TASK DESCRIPTION:
What are the lines, copied exactly, from the one containing "Fattorini and Sons" through the final line of the material? Leave the pictures out.

DATASET CONTENT:
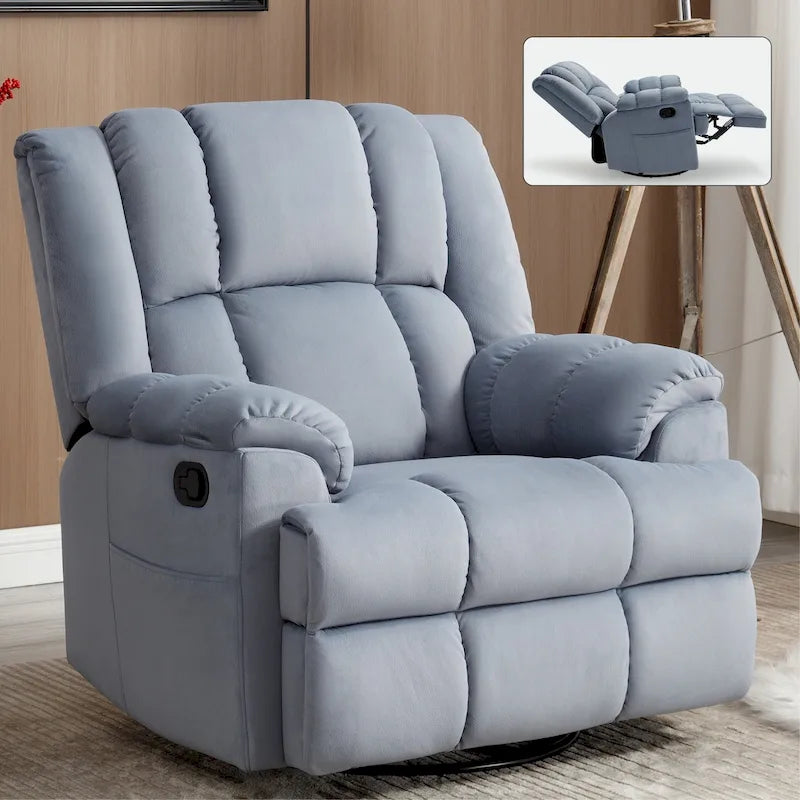 Fauteuil inclinable manuel avec bascule et pivotant en tissu pour salon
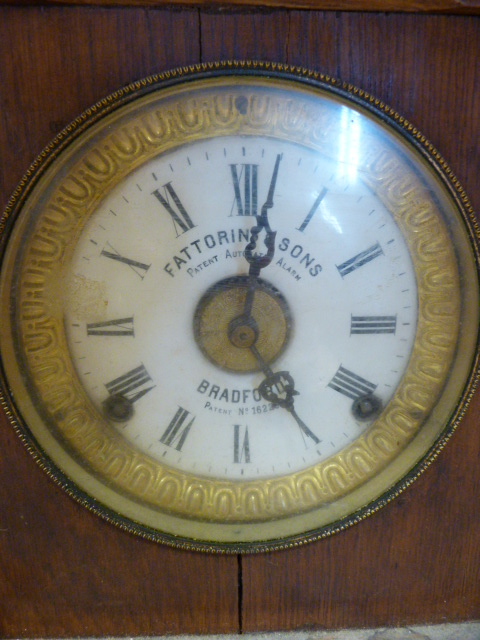 Fattorini and Sons Patent Automatic Alarm Clock 'Bradford' Patent No. 16226. Clock in Light oak with - Image 2 of 7
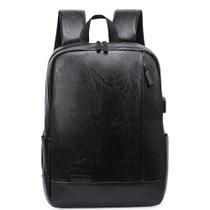 Mochila masculina impermeável de couro PU preta PU7729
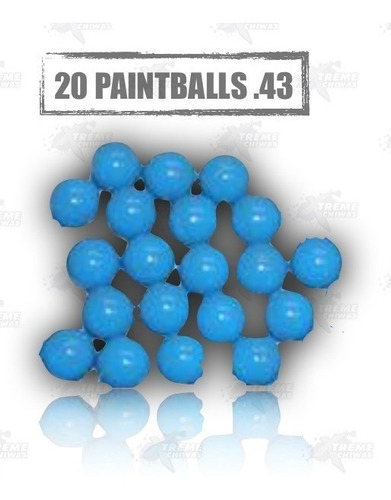 20 Paintballs .43 Azul Gotcha Pistola Marcadora Xtreme C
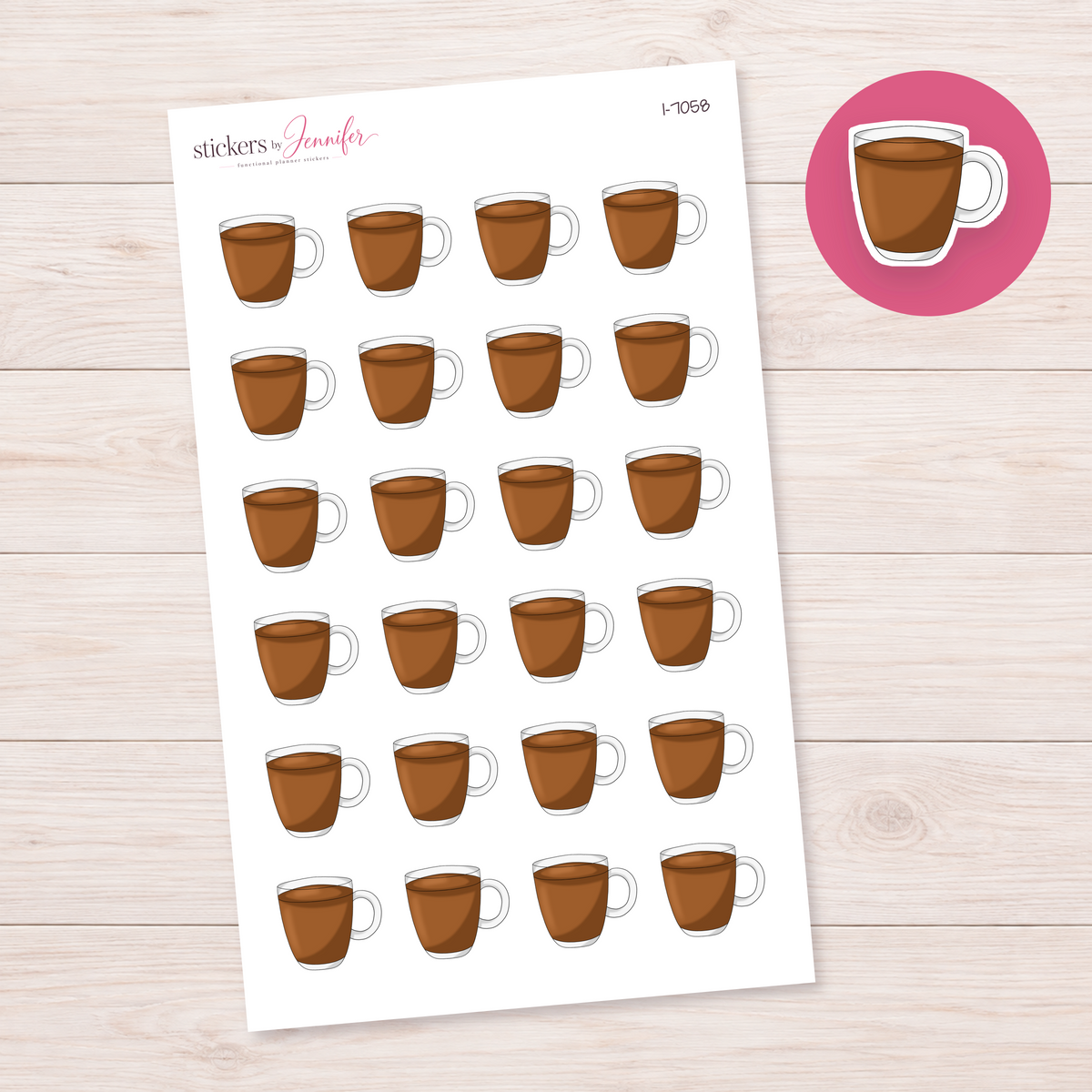 Hot Drink in Glass Mug Planner Stickers | I-7058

SOLUTION TO THIS TASK:
 Fattorini and Sons Patent Automatic Alarm Clock 'Bradford' Patent No. 16226. Clock in Light oak with - Image 2 of 7
 Mochila masculina impermeável de couro PU preta PU7729
 20 Paintballs .43 Azul Gotcha Pistola Marcadora Xtreme C
 Hot Drink in Glass Mug Planner Stickers | I-7058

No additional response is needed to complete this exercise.